Translating business requirements into playwright automation—can AI actually bridge that gap between stakeholders and engineers?

We’ve got a persistent problem where stakeholders describe what they want in business terms, and then there’s a translation phase where engineers figure out how to turn that into actual test scenarios. It takes forever and specifications change midway through.

For example, a stakeholder says “users should be able to complete onboarding in under three minutes.” But that’s vague. Do they mean from signup start? Does it include email verification? What does the happy path look like?

I’ve been thinking about whether AI could help automate that translation phase. If stakeholders could describe the requirement in plain language and have AI generate a playwright workflow that actually validates the requirement, we could skip the back-and-forth entirely.

The thing is, it sounds almost too good to be true. Either the AI misinterprets the business logic, or the generated workflow is too rigid and doesn’t account for variations.

Has anyone actually tried something like this where business requirements got translated directly into automation workflows without a bunch of engineering interpretation in between?

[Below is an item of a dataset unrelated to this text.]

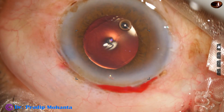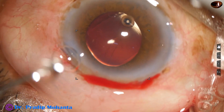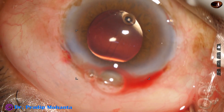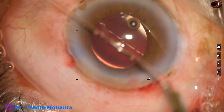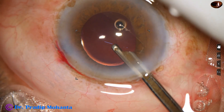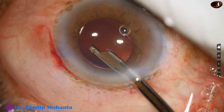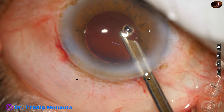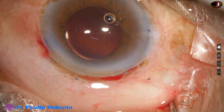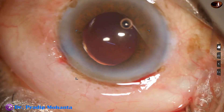This is moxifloxacin. The side port is closed by hydrating the corneal stroma very gently — I hydrate only minimally. My side port is a little wider and does not need much hydration. If the side port is small and the wound is stressed during introduction of instruments, there is fish-mouthing and it takes a lot of stromal hydration to close. The anterior chamber is nicely formed, wounds are checked, and the case is concluded.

This actually works better than most people expect. The trick is giving the AI context about your specific system and constraints.

What I did was have stakeholders describe the user flow in plain English. Then I fed that into the AI Copilot with some context about our login system, available pages, and what constitutes success. The AI generated a full playwright workflow that validates the entire requirement.

The workflow wasn’t perfect the first time, but it was like 80% there. I refined it by describing edge cases and the AI adjusted it. The whole process took an afternoon instead of three days of meetings and back-and-forth emails.

The real benefit is that stakeholders can see the automation running and validate “yes, that’s what we need” without interpreting technical details. If requirements change, stakeholders describe the change in plain English and the workflow regenerates.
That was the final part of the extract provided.